The way the City Attorney's Office sees it, it's not a lack of legislation of prohibiting harassing acts, it's "the difficulty in obtaining enforcement of the laws." To that, they suggest the City Council "enact an ordinance making it a civil violation of the Los Angeles Municipal Code for anyone to discriminate against a bicyclist by unlawfully assaulting, threatening, or harassing a bicyclist, and create a private cause of action with attorneys' fees for a violation."

That is to say, according to the report, cyclists could "seek redress for harassment in situations where the police or other enforcement personnel do not witness the harassment, or where there is insufficient evidence to warrant a criminal filing."

Damien Newton at Streetsblog explains it a littler further:

Generally, people who sue for a tort in civil court cannot recover attorneys fees, and so unless there are very serious injuries or unless the person suing is wealthy, it is almost impossible to get an attorney to represent you. By allowing for a recovery of attorneys fees, people might be able to get a lawyer to represent them even if they were only slightly injured, or did not suffer physical injuries.
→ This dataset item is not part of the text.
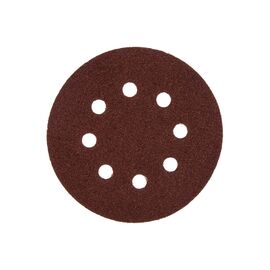  Круги абразивные Matrix 73804 на ворсовой подложке под липучку, перфорированные, P 80, 125 мм, 5 шт. 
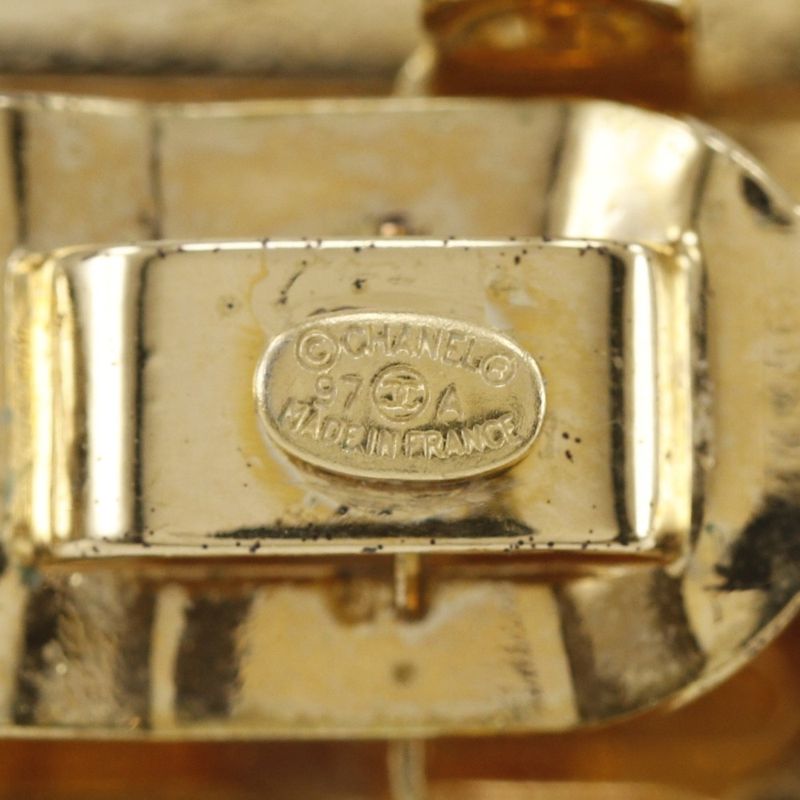 Chanel Gold Plated Gold 97A Ladies Barrette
Newton adds: "Granted, this isn’t the kind of change that’s going to make streets safer for cyclists overnight, instead its aim is to help cyclists recoup some of their losses after the crash," he said. "And what about just trying to make streets safer for cyclists? Wasn’t that the original point of pushing an 'anti-harassment ordinance?'”

Rosendahl, however, is still on board for making the streets safer and says this is just one step ensure they are not just for automobiles.